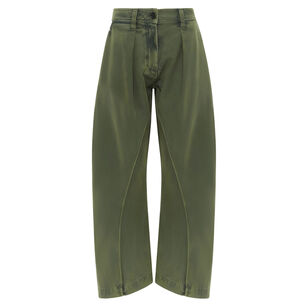 Mid-Rise Twisted Seam Trouser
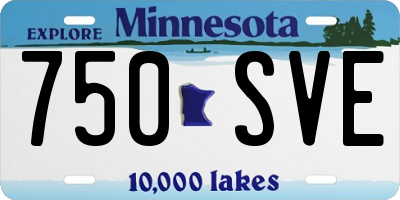 MN license plate 750SVE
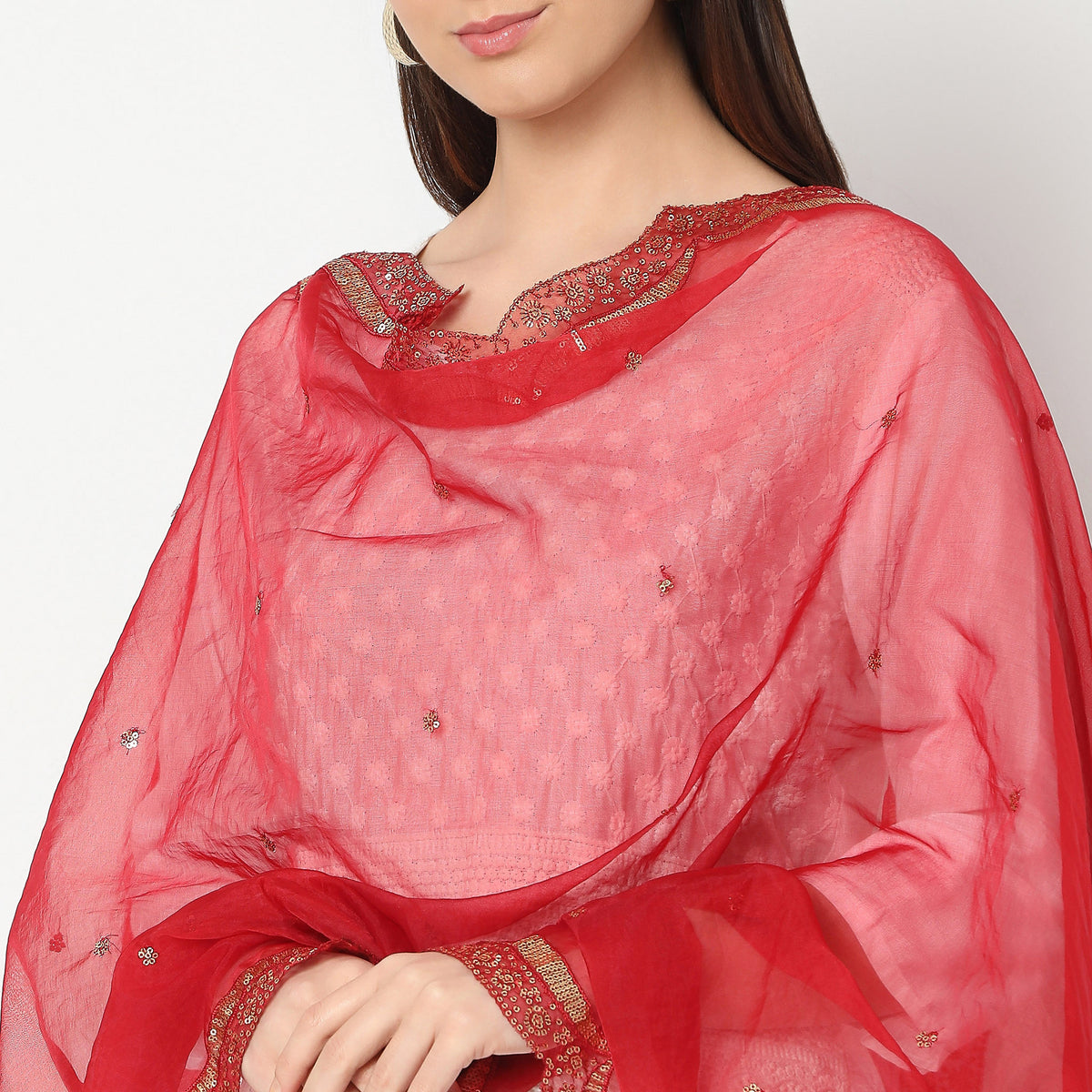 Polyester Embellished Dupatta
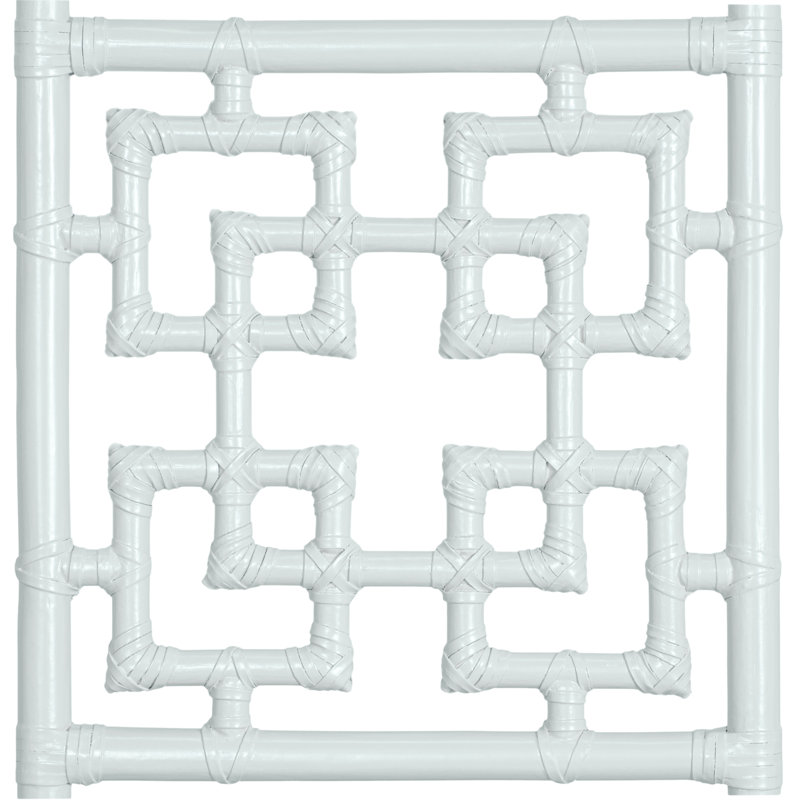 Palm Springs Open-Frame Headboard, Twin, Light Blue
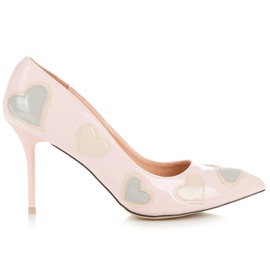 Vices New Collection tacones con corazones rosa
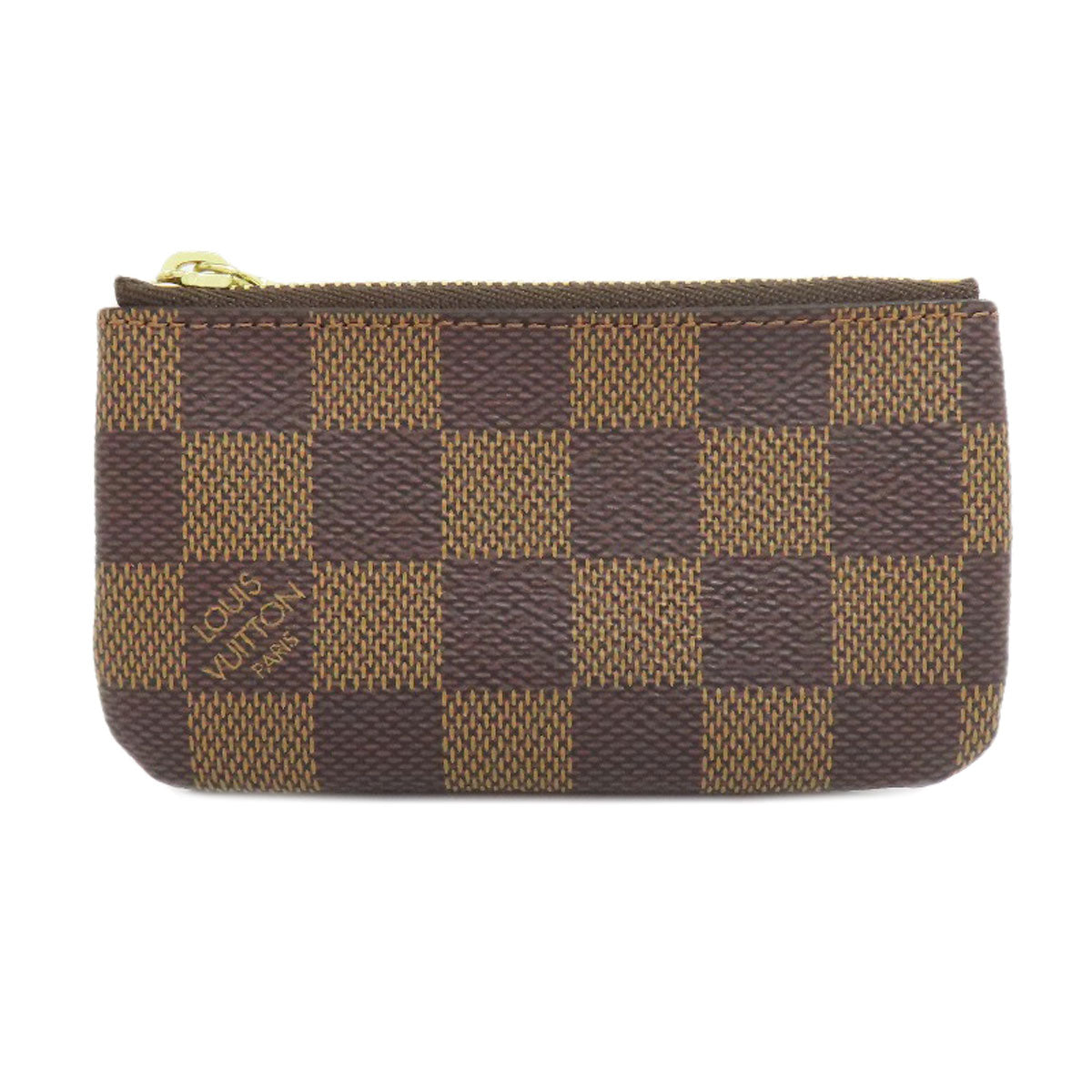 LOUIS VUITTON ルイヴィトン N62658 ポシェット・クレ コインケース ダミエキャンバス レディース 中古
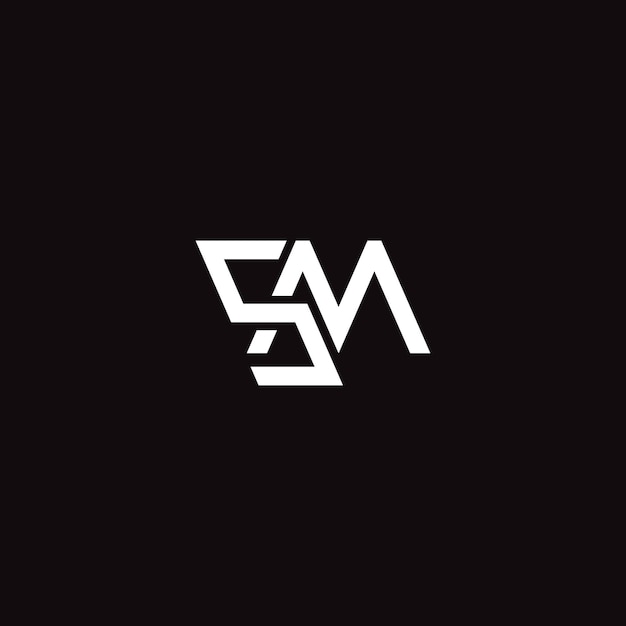 Diseño del logotipo de las letras SM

══════════

- _PROBLEM TO SOLVE_:
Produce an exact copy of the records above, leaving out the pictures.

- _ANSWER TO THIS EXERCISE_:
 Mid-Rise Twisted Seam Trouser
 MN license plate 750SVE
 Polyester Embellished Dupatta
 Palm Springs Open-Frame Headboard, Twin, Light Blue
 Vices New Collection tacones con corazones rosa
 LOUIS VUITTON ルイヴィトン N62658 ポシェット・クレ コインケース ダミエキャンバス レディース 中古
 Diseño del logotipo de las letras SM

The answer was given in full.